Escrevo
normalmente as minhas crónicas com alguma antecedência. Isso permite-me
sobretudo a assiduidade, mas também evito deixar-me apanhar mais facilmente
pela inevitável espuma dos dias, não deixando no entanto de estar atenta ao que
acontece na hora. Até já tinha uma crónica escrita para hoje vos ler, mas sendo
de assunto que não passará tão cedo da actualidade, guardei-a para outra semana
e resolvi reagir ao que me aconteceu neste último fim-de-semana.
Gosto de
assistir a congressos dos Partidos políticos, seja ao vivo, seja pela televisão
ou pela rádio. Sei que é um gosto estranho. Deverei fazer parte dos talvez 1%
dos eleitores, ou quem sabe menos, que têm esse mesmo gosto. O resto das
pessoas tem mais que fazer e com que se entreter, o que não critico.
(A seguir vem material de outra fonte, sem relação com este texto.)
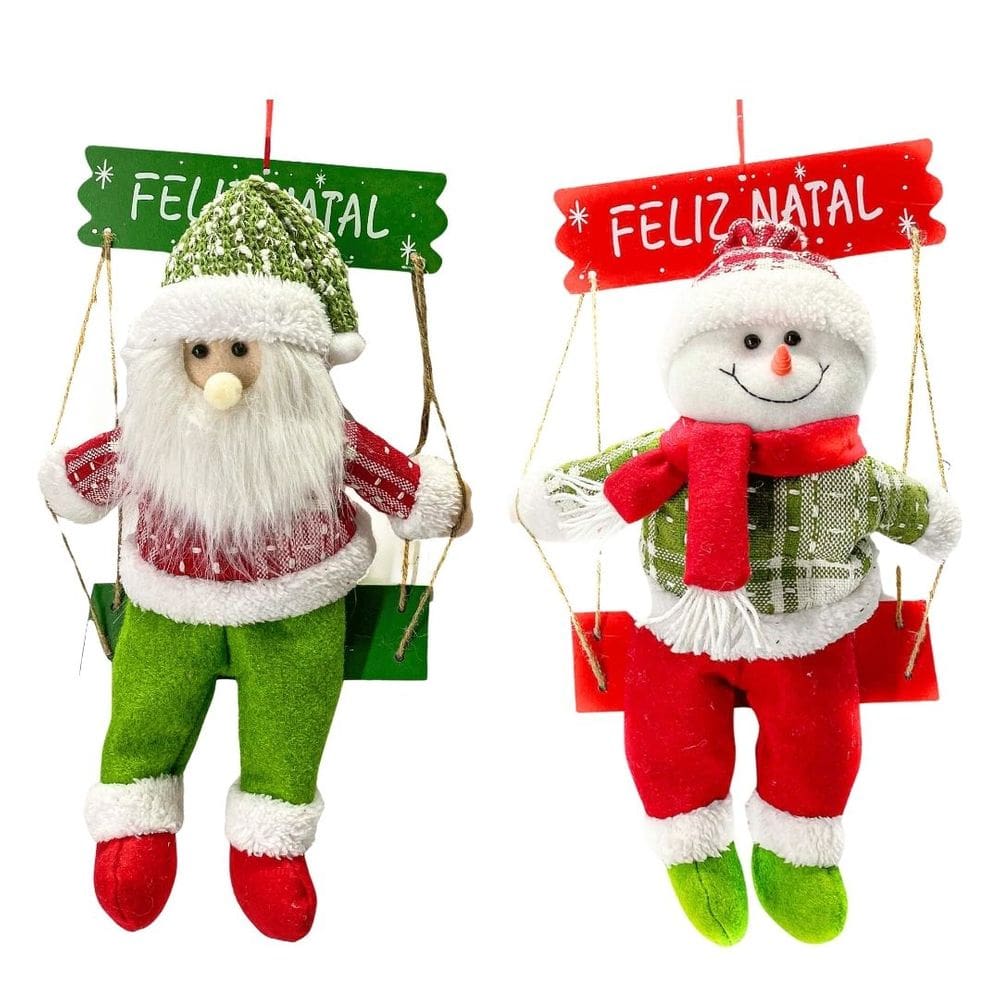 Jogo Papai Noel e Boneco de Neve Gangorra Madeira Pelúcia Tricô Xadrez Vermelho e Verde 40cm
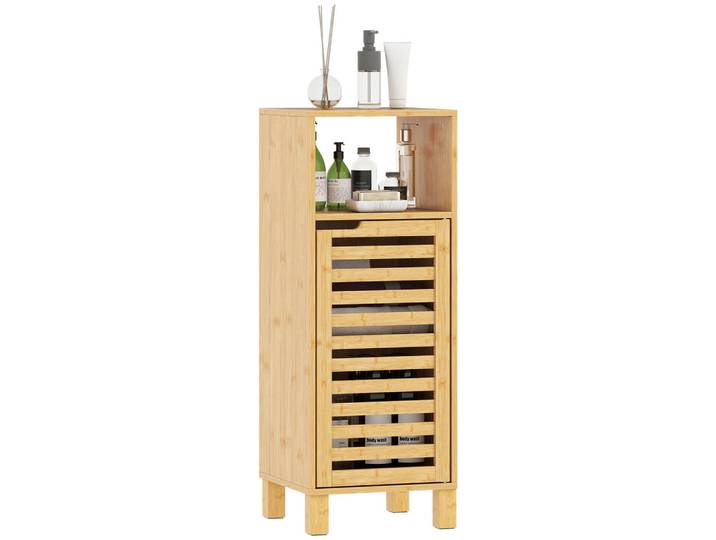 ComfortXL Badezimmerschrank De-10492 Hellbraun, Naturfarben, Naturmaterialen, 30x80x30 cm, Badezimmer, Badmöbel, Midischränke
Provavelmente falta-lhes tanto a paciência para as discursatas e os comentários
de corredor em directo para os microfones ávidos de notícias frescas num mundo
velho como o da Democracia, como a outros faltará a paciência para as novelas
ou os jogos da bola e respectivos comentadores.
E além da
paciência, talvez falte o hábito (ou já se tenham cansado dele) para tomar
atenção às palavras e ao que elas trazem consigo nos contextos – espaço e
momento – em que são proferidas. As palavras que poderão depois ser comparadas
com as que aconteceram noutros contextos, o que requer algum exercício quer de
atenção, quer de memória. E compará-las sobretudo com os actos, que em Política
são as opções que se tomam, e onde as descoincidências são, estou em crer, um
enorme factor de dissuasão para os que, interessando-se por Política e
cumprindo o seu direito e o seu dever de eleitores, se “marimbam” para as
reuniões magnas das associações que formam, enformam, amparam e seleccionam os
que algum dia governarão ou condicionarão os que governam.
Outro
exercício interessante, que é até nestes tempos facilitado pelos registos
audiovisuais que os meios de comunicação guardam e disponibilizam para quase
todos os que têm facilidade de acesso às tecnologias, é avaliar comportamentos
típicos de elementos dessas organizações nesses contextos diferentes. Dá
trabalho, quando não se têm de memória, o que acontece sobretudo quando se
sentiu na pele o efeito desses comportamentos, pois como sabemos todos, não há
melhor memória do que a das coisas que nos afectam os sentidos e os sentires.
Ora, no
fim-de-semana, voltei então a ter com que me entreter em frente à televisão,
para além da rádio e do computador a que me ligo quotidianamente. E muitas
vezes para ver, ouvir e ler com mais atenção, e não como som de fundo de outros
afazeres, o que naturalmente também acontece. Eis senão quando, começo a ouvir
o discurso de um político na oposição, de nível nacional e europeu, ex, actual
e futuro eleito de um Partido da extrema-direita à portuguesa, em que para além
da forma inflamada com que anunciava o seu futuro nada mais disse que,
espremido, não fossem chavões. Isto depois de ouvir (e confirmar, lendo o que
foi também escrito) um texto de um político na governação, de nível local, de
um Partido da extrema-esquerda, queixar-se de que a contestação e o seu
espírito, que durante 12 anos andou a ensinar (quase como escolaridade
obrigatória) aos cidadãos, são agora tristes e para esquecer. Tomei uma decisão
para o resto do meu serão: vou mas é ouvir a chuva cair e continuar a ler (acto
que requer também gosto e persistência) “A Estranha Ordem das Coisas” do
António Damásio. Sempre aprendo alguma
coisa de útil e confirmo outras de que já desconfiava.